Enough money has been invested into long-duration energy storage (LDES) technologies and projects over the past three years to result in 57GW of deployments.
That’s according to Wood Mackenzie Power & Renewables, which added up investment figures into the technology class, finding US$58 billion of commitments have poured in since 2019. If all of those projects were to go ahead, it would result in the figure cited above, the analysis group said.
Along with those investment commitments, made by a mix of governments and private companies, US$30 billion of long-duration projects – defined broadly as those capable of storing and discharging energy for 8 to 100 hours – are in operation or under construction.
However, despite this evidence of growing interest in the sector, Wood Mackenzie thinks it unlikely developers of long-duration energy storage (LDES) technologies will be able to scale cost-effectively before the end of this decade.
The company included its findings in a new report on the sector. One table shared from inside the contents compares eight different technologies across a range of different metrics, including the stage of commercialisation reached.
Among them, only pumped hydro energy storage (PHES), the legacy technology that still represents more than 90% of the world’s installed base of energy storage, is categorised as having reached large-scale deployment. Pumped hydro will continue to dominate the market until 2030, the firm predicts.
The majority of other technologies compared, including flow batteries with electrolytes made from vanadium and other materials like zinc-bromine and iron, are still at what Wood Mackenzie would classify as the pilot and demonstration phases.
Incidentally, Wood Mackenzie benchmarked the cost range of vanadium flow batteries between US$1,180 to US$4,000/kW and between US$295 to US$844/kWh.
Trade association Long Duration Energy Storage Council (LDES Council) launched in November last year at COP26. The CEO-led group comprises technology companies and other stakeholders including large corporate energy end users like Microsoft and Google.
The council aims to accelerate the development of a market for LDES that supports the deployment of between 85TWh to 140TWh of capacity by 2040 that it said will be needed to have hopes of keeping global warming limited to 1.5°C, in line with the Paris Agreement.
Policy support, innovative business models needed alongside innovation in long-duration energy storage tech
LDES Council said in a report published in June that the sector will likely need strong and committed policy support to help bridge the gap to commercial viability for LDES technologies until at least 2030 and possibly to 2035.

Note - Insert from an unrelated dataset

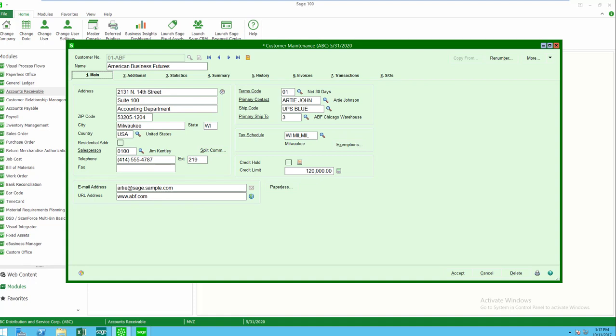Hello, this is Mary Lynn Van Sweeten with Partners in Technology. I will be showing you the information that is available in Customer Maintenance Data Entry. We will be looking at Sage 100C, version 2017.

Perhaps the good news is that the majority of the world’s grids aren’t yet at the level of renewable energy penetration that means long-duration energy storage is a must to keep networks balanced and electricity supplies stable. As with another report from European storage association EASE, LDES Council highlighted that the need for long-duration becomes urgent as penetration of variable renewables like solar PV and wind exceeds the 60% – 70% mark.
Similarly, on the West Coast of the US, consultancy Strategen and the California Energy Storage Alliance modelled a tremendous need for LDES in the state, which starts to grow rapidly and enormously by the start of the 2030s.
But to achieve high levels of LDES deployments in the 2030s, investment, or investment decisions will need to be made soon, if not already.
Some governments, like China and the US, are more supportive of LDES than others. The US Department of Energy (DOE) recently launched a US$350 million competitive funding opportunity for LDES projects, while in China the world’s largest vanadium redox flow battery system (VRFB) was commissioned. The VRFB is actually 100MW/400MWh (4 hours duration), so technically not long-duration, but the technology class is the same as it would be for a higher energy capacity project.
Europe, with the exception of the UK, has been slow to back LDES technologies, Wood Mackenzie pointed out.
At this year’s RE+ 2022 trade show, Kiran Kumaraswamy, VP of growth and head of commercial at battery storage tech company Fluence said that for alternative non-lithium technologies like flow batteries to gain market traction, they need to display qualities that offer different features or applications to lithium, rather than just competing on a side-by-side comparison basis.
Wood Mackenzie appeared to agree, stating that in addition to advancing the technologies with innovation, business models need to be created that can attract private investors and run sustainably without the need for subsidy.
That means being able to compete directly with the likes of combined cycle gas turbines (CCGT) equipped with carbon capture and storage (CCS), green hydrogen, or even small modular nuclear reactors, the analysis group said.